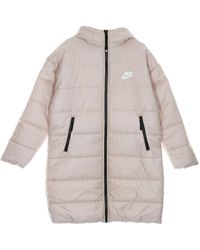 Nike - Fitness ,Roze ,Polyester Therma-Fit Repel Classic Hooded Parka - Lyst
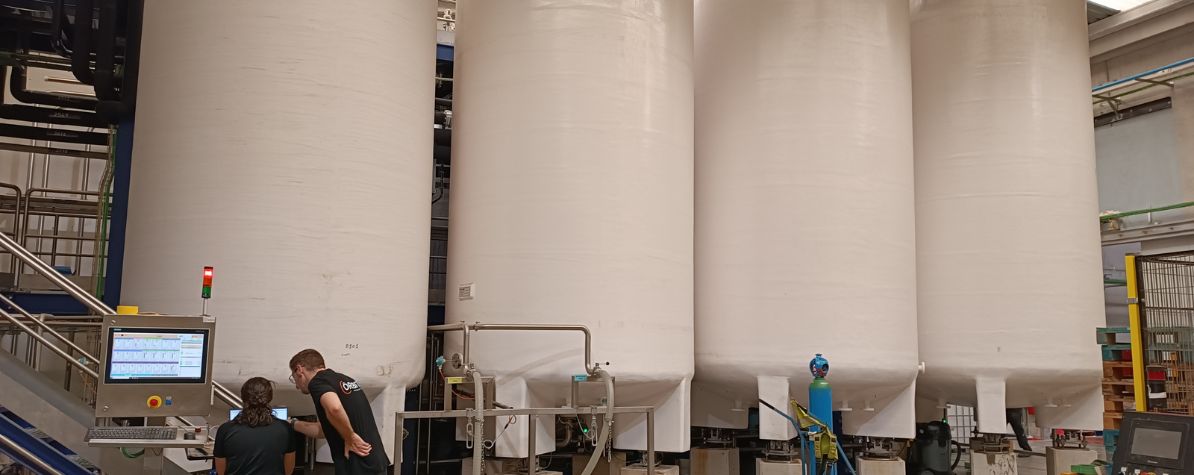 Nueva área de formulación y envasado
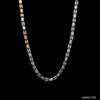 Jewelove™ Chains 3.25mm Platinum Rose Gold Chain with Matte Finish for Men JL PT CH 1236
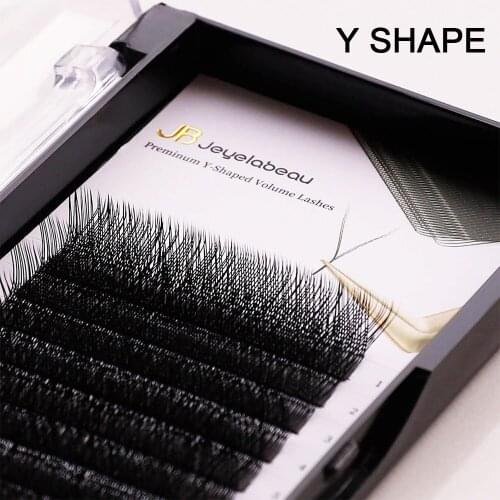 Free Shipping Y Lash Extensions 8-15mm Beauty Y/W Shape Eyelash Extensions C/D Curl Fluffy Mink Individual Lashes Female Makeup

- What you need to do -
Output all the data, exactly, without images.

- Task solution -
 Nike - Fitness ,Roze ,Polyester Therma-Fit Repel Classic Hooded Parka - Lyst
 Nueva área de formulación y envasado
 Jewelove™ Chains 3.25mm Platinum Rose Gold Chain with Matte Finish for Men JL PT CH 1236
 Free Shipping Y Lash Extensions 8-15mm Beauty Y/W Shape Eyelash Extensions C/D Curl Fluffy Mink Individual Lashes Female Makeup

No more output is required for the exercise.